Intervention de Carol Sirou

Commission des finances, du contrôle budgétaire et des comptes économiques de la nation — Réunion du 18 janvier 2012 : 2ème réunion
Régulation financière pour restaurer l'utilité sociale des marchés — Table ronde

Carol Sirou, présidente de Standard & Poor's France :

Notre rôle est d'analyser le risque de crédit. Nous ne sommes pas régulateurs mais acteurs, plus précisément observateurs, des marchés financiers. Pour nous, la régulation doit être cohérente au niveau international et coordonnée mondialement ; car les marchés sont interconnectés en même temps que fragmentés.

Pour continuer à disposer de financements à long terme, discipline, transparence et responsabilité sont indispensables. Quel rôle revient aux agences de notation ? Nous ne sommes pas des acteurs « actifs » des marchés, mais nous évaluons la qualité du crédit. Nous ne notons pas les produits dérivés ni les dark pools mais des entités juridiques, les chambres de compensation par exemple, et nous apprécions l'évolution de l'environnement réglementaire. La réforme en cours au niveau mondial, depuis le G 20 de septembre 2009, améliore la transparence et la stabilité du système financier. Aux Etats-Unis comme en Europe on cherche à attirer les transactions de gré à gré vers les plateformes de négociation : l'approche sur ce point est similaire. Les Américains ont déjà mis en place un certain nombre d'éléments, les Européens suivent ce mouvement. Les agences de notation sont dans leur rôle quand elles signalent des écueils. Aujourd'hui, 90 % des dérivés s'échangent de gré à gré - 600 000 milliards d'euros de notionnel ! Le transfert vers les plateformes et les chambres de compensation d'un tel volume ne se fera pas sans difficultés opérationnelles. Il nous faudra apprécier la capacité de chaque chambre à gérer des montants aussi considérables. Les faillites de Lehman Brothers et de MF Global ont été aisément absorbées, y compris grâce aux fonds de garantie. Mais les fonds propres des chambres de compensation devront augmenter avec la croissance de l'activité. En outre, toutes les chambres de compensation ne seront pas capables de compenser tous les produits. Enfin, on demande aux banques de mobiliser du collatéral - 2 000 milliards de dollars selon le FMI - dans les chambres de compensation, mais cela a un impact sur leurs ratios de fonds propres que Bâle III tend à augmenter. Il y a là une contradiction entre les deux réglementations. De même, l'interopérabilité entre chambres de compensation est louable, mais j'y vois un risque de contagion. À mon sens, ces initiatives vont dans la bonne direction en accroissant la transparence sur les marchés. Les acteurs concernés sont habituellement notés A ou AA, mais il importe de ne pas sous-estimer les enjeux.

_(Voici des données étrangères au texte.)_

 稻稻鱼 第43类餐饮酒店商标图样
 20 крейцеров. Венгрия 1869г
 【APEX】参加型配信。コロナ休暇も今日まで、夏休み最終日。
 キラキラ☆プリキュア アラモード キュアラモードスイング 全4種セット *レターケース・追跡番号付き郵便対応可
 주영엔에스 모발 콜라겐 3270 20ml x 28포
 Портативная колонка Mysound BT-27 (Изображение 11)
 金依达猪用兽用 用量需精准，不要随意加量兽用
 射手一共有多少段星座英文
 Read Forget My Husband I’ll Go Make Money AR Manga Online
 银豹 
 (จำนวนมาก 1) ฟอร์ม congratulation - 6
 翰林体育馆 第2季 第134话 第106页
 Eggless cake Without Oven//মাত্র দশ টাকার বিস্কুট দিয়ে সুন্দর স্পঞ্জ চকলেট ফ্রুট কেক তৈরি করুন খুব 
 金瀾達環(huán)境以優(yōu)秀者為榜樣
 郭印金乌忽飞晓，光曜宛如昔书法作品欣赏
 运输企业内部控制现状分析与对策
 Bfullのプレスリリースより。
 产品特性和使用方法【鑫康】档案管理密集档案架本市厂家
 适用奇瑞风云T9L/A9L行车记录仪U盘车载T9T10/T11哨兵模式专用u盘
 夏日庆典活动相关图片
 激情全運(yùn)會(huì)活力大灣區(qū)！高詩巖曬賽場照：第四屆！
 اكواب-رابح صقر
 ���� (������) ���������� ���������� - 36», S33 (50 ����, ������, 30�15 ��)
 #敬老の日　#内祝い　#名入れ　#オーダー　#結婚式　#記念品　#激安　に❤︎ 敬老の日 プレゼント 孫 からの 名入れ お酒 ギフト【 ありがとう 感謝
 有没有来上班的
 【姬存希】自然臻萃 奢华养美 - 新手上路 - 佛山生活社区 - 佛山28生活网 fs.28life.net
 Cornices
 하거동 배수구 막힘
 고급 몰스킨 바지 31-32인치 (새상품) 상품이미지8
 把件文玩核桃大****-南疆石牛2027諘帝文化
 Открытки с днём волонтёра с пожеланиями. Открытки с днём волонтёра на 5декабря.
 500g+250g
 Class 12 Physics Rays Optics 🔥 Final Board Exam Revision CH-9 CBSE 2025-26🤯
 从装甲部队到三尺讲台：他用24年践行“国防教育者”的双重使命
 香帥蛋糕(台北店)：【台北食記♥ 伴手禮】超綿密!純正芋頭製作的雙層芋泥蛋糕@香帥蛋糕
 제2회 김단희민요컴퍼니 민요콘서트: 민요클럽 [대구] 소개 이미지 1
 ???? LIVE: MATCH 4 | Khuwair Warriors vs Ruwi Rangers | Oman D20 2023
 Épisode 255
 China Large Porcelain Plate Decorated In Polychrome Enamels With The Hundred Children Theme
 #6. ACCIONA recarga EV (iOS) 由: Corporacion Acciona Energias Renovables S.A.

J'en viens au projet du commissaire Barnier sur les agences de notation, un texte qui me tient à coeur. Il importe d'améliorer la qualité des notations, donc l'efficience des marchés. Je partage la volonté de renforcer la concurrence dans ce domaine et de réduire la dépendance envers les agences de notation. A ce propos, M. Jouyet a évoqué la « désintoxication aux agences de notation ». Cependant, certaines dispositions vont à l'encontre de cet objectif. Ainsi, la rotation obligatoire des agences qui s'imposerait aux émetteurs porterait atteinte à la continuité dans la notation, ce qui pèserait sur la perception des émetteurs européens par les investisseurs internationaux. De plus, certaines dispositions gêneraient l'entrée de nouveaux acteurs sur ce marché. Je pense notamment aux règles relatives à la responsabilité. Le texte proposé par la Commission européenne risque de réduire le nombre d'intervenants sur le marché, d'accroître la dépendance des investisseurs envers les agences de notation et d'induire une grande frilosité face au risque.